The History of the History Nerds
December 13, 2020
“Even though Contemporary World History honors is one of my favorite classes, it’s definitely my most difficult. Probably because there is a lot of reading to do, a lot of analysis, and the tests are really difficult,” Alida Cucoranu (‘23) explained.
Bringing history alive, and sometimes visiting the dead, seems to be what draws both students and teachers to the subject. Cucoranu’s favorite part of contemporary world history honors is the class discussions. “I like the way Mr. O’Riordan teaches the material and plans the discussion to get us all involved in class.”
Mr. O’Riordan’s passion for history started with his dad in the cemeteries of Ireland. His father, in the coal business, had an interest in history, genealogy, and reading. “I remember going around with him visiting graveyards and old relatives,” O’Riordan explained, “and all the books, we had tons of books in the house.”
Contemporary World History Honors is known for its geography quizzes on countries, land features, and cities. The map component of the course began when Mr. O’Riordan and Mr. Tepas realized that their students had no idea where countries were located.
“I think having the context of where places are in the world helps you really understand the history and the current events of the world when you know where they are taking place,” O’Riordan explained.
Many of the history teachers did not plan to go into history or teaching at all. Mr. Tepas was on track to be one of the creatives at the Apple store, and focused more on pursuing history as a hobby through reading books and watching documentaries after finishing his six year term in the Navy. He explained that he first got into American History as a preteen, after watching a documentary by Ken Burns on the Civil War.
“I don’t know what about it in particular,” Tepas expressed, “but I think it was the fact that that was the first time I had been exposed to history in a way that kind of brought it alive.”

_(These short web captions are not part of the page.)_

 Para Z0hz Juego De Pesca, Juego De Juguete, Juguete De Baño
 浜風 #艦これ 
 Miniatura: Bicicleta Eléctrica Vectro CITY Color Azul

Later, Mr. Tepas finished his American history degree at the University of North Florida with an emphasis on southern, antebellum America, but he was not sure what he wanted to do as a career, as he was in between IT and service to the national parks. In 2007, while working as a teacher assistant at the university, Tepas received a call from Bolles to become a long-term substitute and soon after, he received a call about an open history teacher position.
However for Dr. Kostandarithes, his passion for history did not start until later in life, when his dad sat him down on their farm in Georgia and asked, “Have you started thinking about college?”

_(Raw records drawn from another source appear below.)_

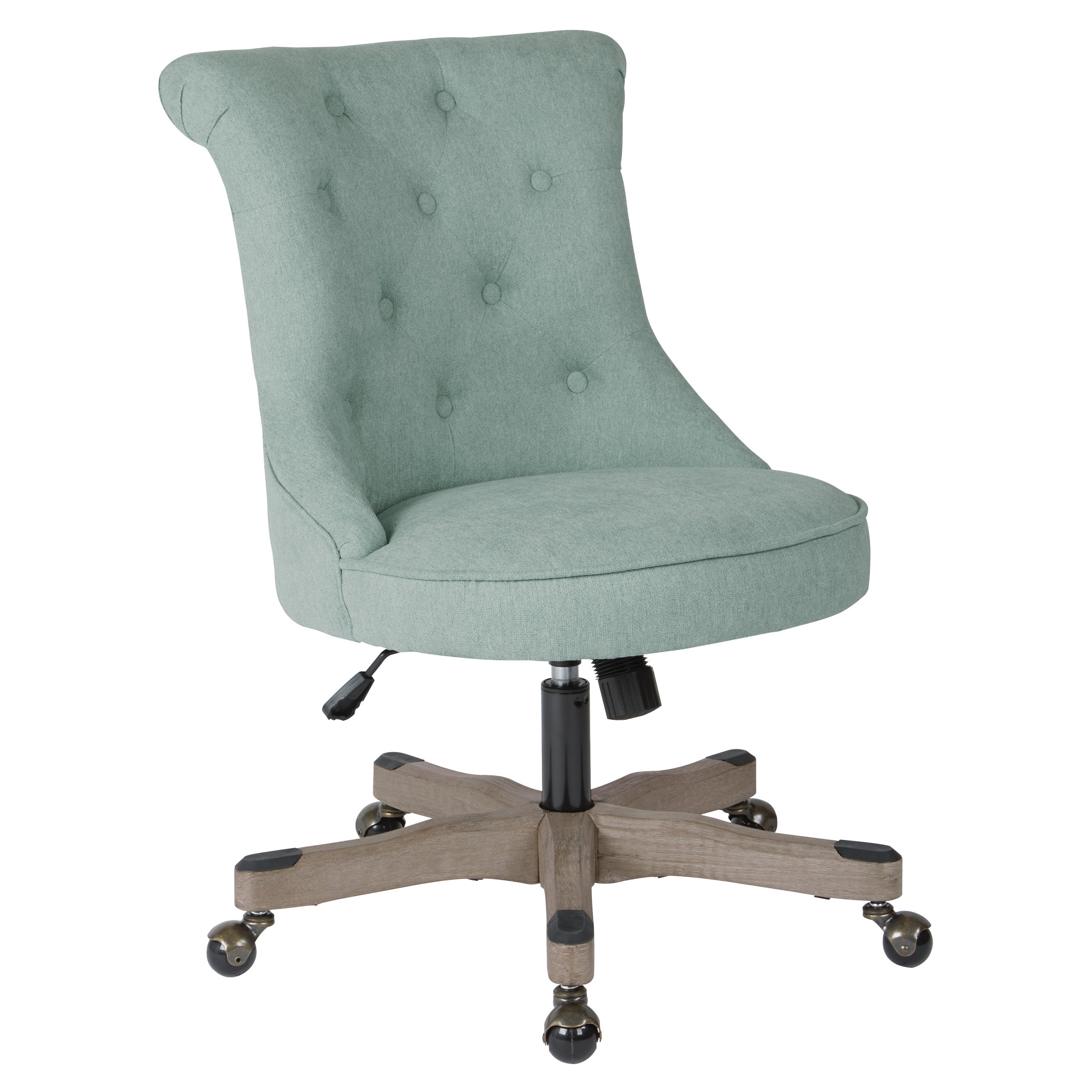 Hannah Tufted Office Chair - Mist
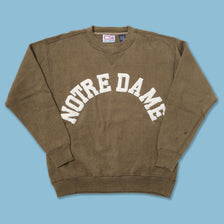 Vintage Notre Dame Sweater Large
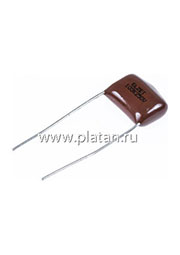 К73-17 имп, 0.01мкФ, 250В, 5-10, Конденсатор металлоплёночный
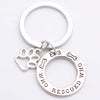 Who Rescued Who  Pet Dog Lover Accessories 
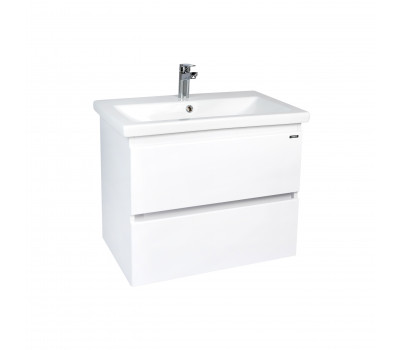 Тумба VIANT Мальта COMO 70 2 ящика подвесная белая 425х655х560 VMAL70COBEL-T2YP Тумба VIANT Мальта COMO 70 2 ящика подвесная белая 425х655х560 VMAL70COBEL-T2YP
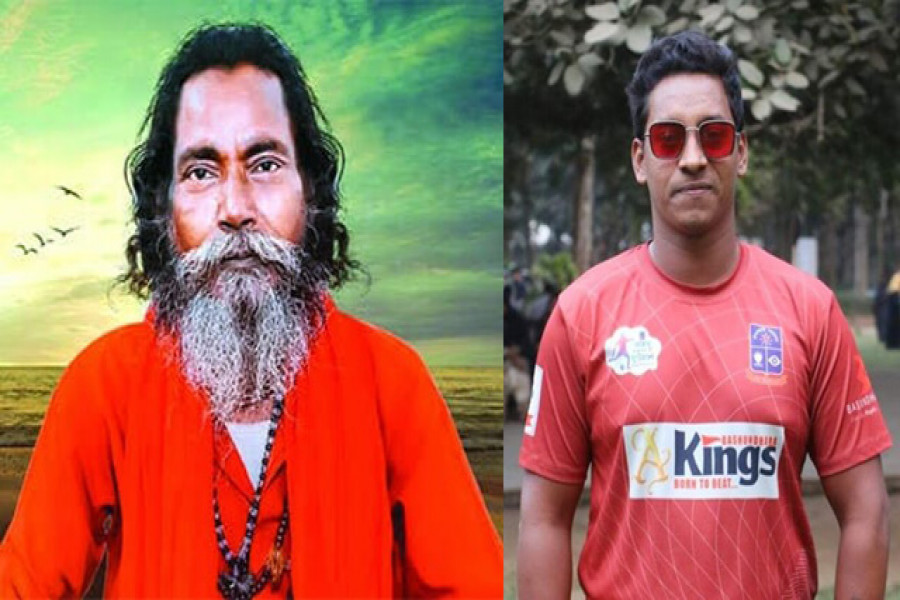 করোনা মহামারিতে সুকুমার বাউলের পাশে ছাত্রলীগের ইসতিয়াক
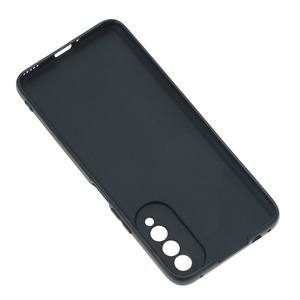 <span class=keywords><strong>เคส</strong></span>โทรศัพท์มือถือแบบด้าน TPU ผลิตโดยผู้ผลิตขายส่ง ฝาหลังแบบนิ่มเคลือบด้าน ซิลิโคน สำหรับ <span class=keywords><strong>Wiko</strong></span> T50 4G สีดำ - Product Image 4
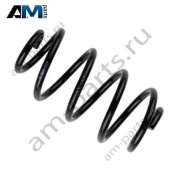 Пружина задней подвески 1 ЗЕЛЕНАЯ МЕТКА A2463242604 на Mercedes CLA C117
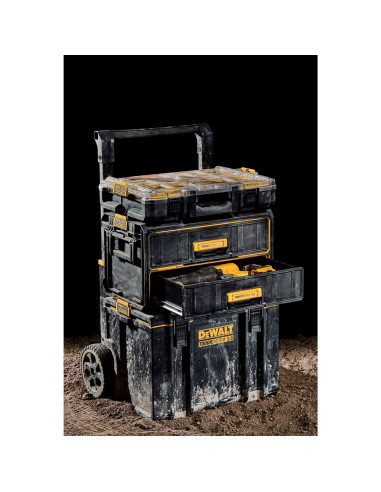 Dewalt Skrzynia Tough System2,0 Z 2 Szufladadami Dwst83529-1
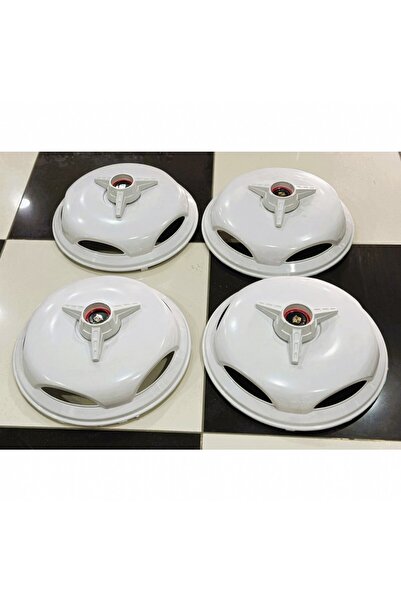 KAPSAN Iveco Daily- Transit-sprinter-grafter-master-ducato-jumper 16'' Inç Beyaz Jant Kapağı 4 Adet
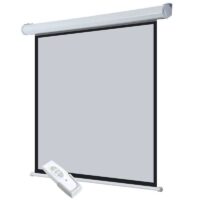 Écran De Projection Mural Électrique Avec Télécommande 243 x 183 cm – ECRME-PR-03 Tunisie
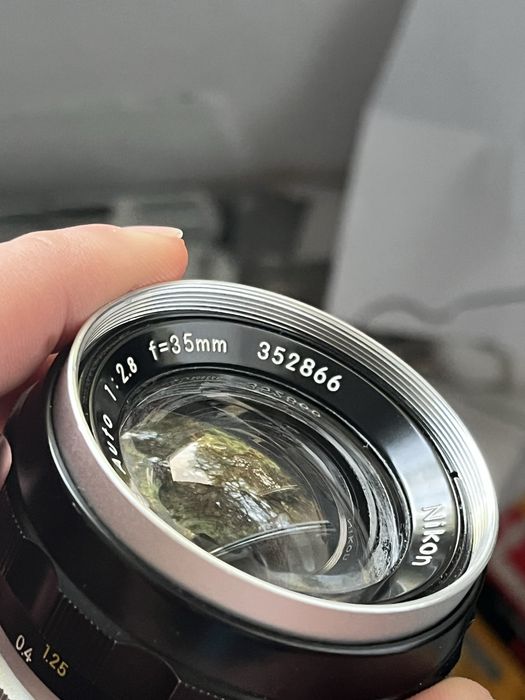 Nikon nikkor - s 35mm 2.8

Junior Sophie Shwartzman loves the interactive lessons and discussions in Dr. Kostandarithes class, just like sophomore Cucoranu. “His teachings are less lecture based because students are more actively participating in his class, which allows us to have more conservations about the topics,” Shwartzman explained.

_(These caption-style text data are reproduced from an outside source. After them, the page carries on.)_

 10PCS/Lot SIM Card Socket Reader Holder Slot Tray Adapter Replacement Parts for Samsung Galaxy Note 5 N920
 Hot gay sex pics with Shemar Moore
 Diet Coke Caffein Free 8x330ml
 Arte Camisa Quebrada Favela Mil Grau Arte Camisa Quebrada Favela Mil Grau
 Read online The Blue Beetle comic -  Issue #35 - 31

Still, at college Kostandarithes was not sure what he wanted to study. “I think I was a bio major originally, because I had a very good biology teacher in highschool,” he recalled. Then Kostandarithes went on to get his degree in renaissance history after being inspired by an amazing renaissance professor, before going to Tulane to get his doctorate. At Tulane, he changed his degree to American History after the renaissance profesor went on sabbatical, and the rest is history.